How risky is prolonged exposure to radon? The estimates come from several large studies of excess lung cancer in U.S. and German uranium miners exposed to somewhat higher levels than those found in homes in high-radon areas. From these studies, EPA developed an “action level” of home radon exposure of 4 pCi/L (trillionths of a curie of radiation from radon per liter of air). The EPA risk assessment concludes that if you live in a home whose living space exposes you to 4 pCi/L, your additional cancer risk over a lifetime is roughly seven chances per thousand if you never smoked cigarettes, or an additional six chances per hundred if you are or were a smoker. Given that Congress has generally instructed EPA to consider further pollution controls when the excess lifetime cancer risk exceeds one chance per million, these risks are quite large, although they may be substantially lower in situations where high concentrations are only found in rooms not used as living space. But, considering all the exposures nationwide, EPA estimates that about 21,000 lung cancers per year—about one-sixth of all lung cancers—in the U.S. are caused by radon exposure, and, of course, lung cancer is notoriously difficult to treat successfully.
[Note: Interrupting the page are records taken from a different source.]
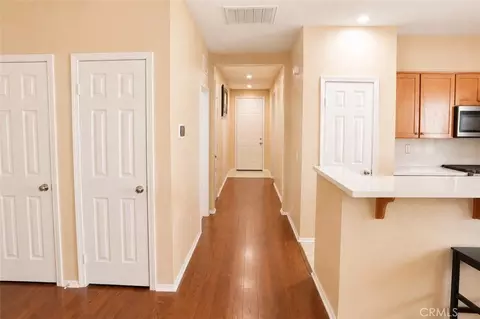 Entry Way - 908 Laura Ln, Tehachapi, CA 93561 photo 2 of 3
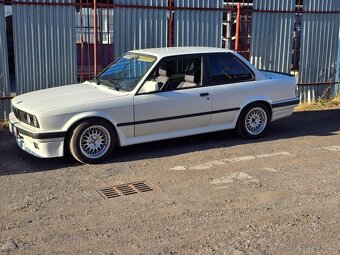 Bmw e30 coupe - 2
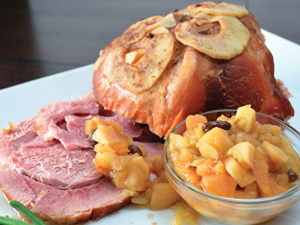 Slow Cooker Ham with Apple Sauce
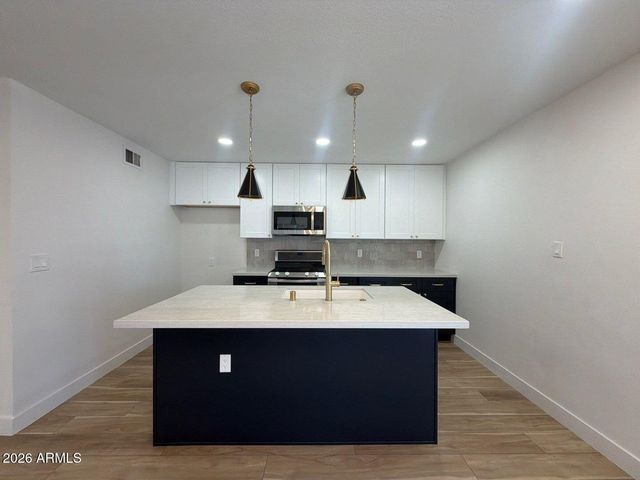3529 W STELLA Lane, Phoenix, AZ 85019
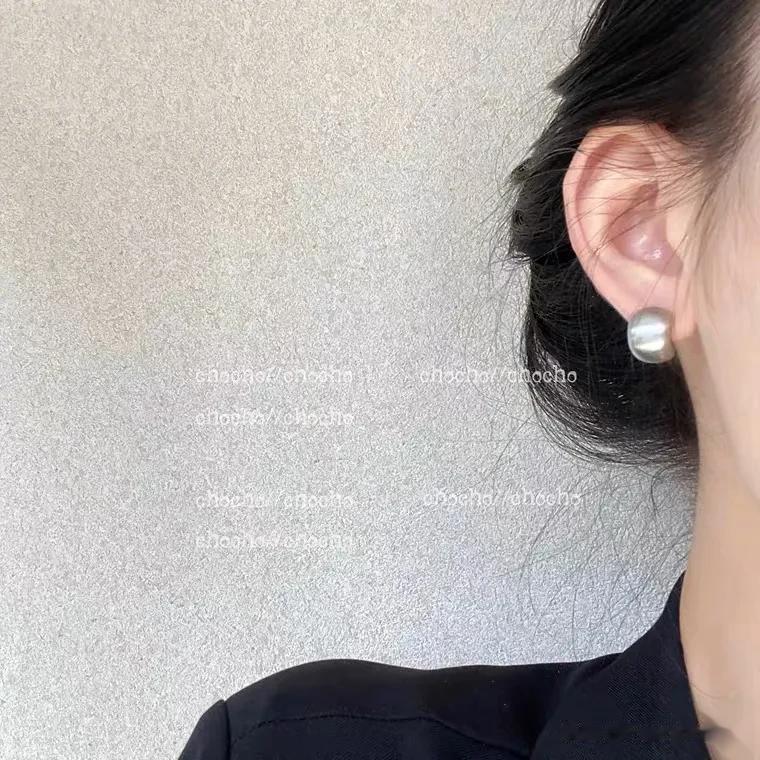 
春季耳饰｜多姿多彩才不辜负这好春光。
  
高级感满满耳环
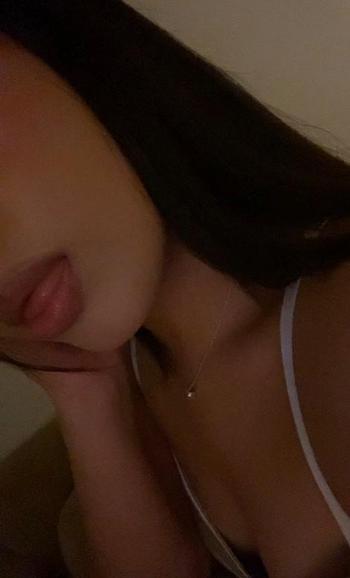 Eva , 33  female escort, Albany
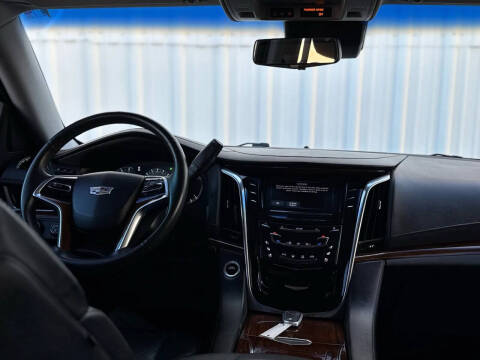 2017 Cadillac Escalade Luxury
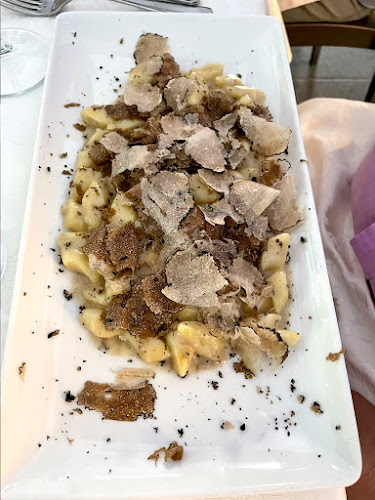 Bar Caffè Giuliani - Ristorante - Pizzeria - Aperitivi - Rooms - Ancona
The technology to prevent many of these estimated 21,000 lung cancers is straightforward and well understood. In our house in central New Jersey, radon levels in the basement were reduced from about 8 pCi/L to less than 1 pCi/L, after the previous owners installed a system that pipes air from under the basement floor and exhausts it through a port high on the outside wall. Such systems cost about $1,500 to install and consume about $100 of electricity per year. Overall, for a present value of about $38 billion—a large sum, but just a few percent of the size of the recent economic stimulus package—we could use in-home tests to find the eight million dwellings with levels above 4 pCi/L, and greatly reduce radon levels in every one of them for the next 100 years.

Such a program could be greatly accelerated if every state had a law requiring radon testing and disclosure of results as a condition of every home sale, or at least for those in high-radon counties. Granted, many states have laws that require disclosure if such testing has been voluntarily performed, but I know of no state that requires testing followed by disclosure.

Even if the federal government wanted to encourage people to mitigate radon by “nudging” them rather than providing the public health benefits as part of a fiscal stimulus, it still seems inexplicable to declare, as the administration’s 2013 budget does, that an $8 million EPA program to educate the public about radon is a “mature program” that can be zeroed out. In my opinion, this is the wrong time to declare victory on a problem in which we have barely made a dent.

Many psychometric surveys, corroborated by  the emerging research into neuroscience, suggest that people’s concerns are motivated more by the emotional “affect” that a risk brings with it than by the magnitude or severity of the risk. If these results hold true, radon control has several strikes against it, because there is no “polluter” to arouse outrage, other than the forces that created our planet and its naturally-occurring radioactive elements. Nevertheless, we could save lives, and expand the industries providing  radon testing and mitigation, if we just let cost-benefit thinking lead us in a sensible direction with respect to radon.

Adam M. Finkel

Adam M. Finkel is the Executive Director of the Penn Program on Regulation and a Senior Fellow at the University of Pennsylvania Law School. From 1995-2000, he was Director of Health Standards Programs at the U.S. Occupational Safety and Health Administration.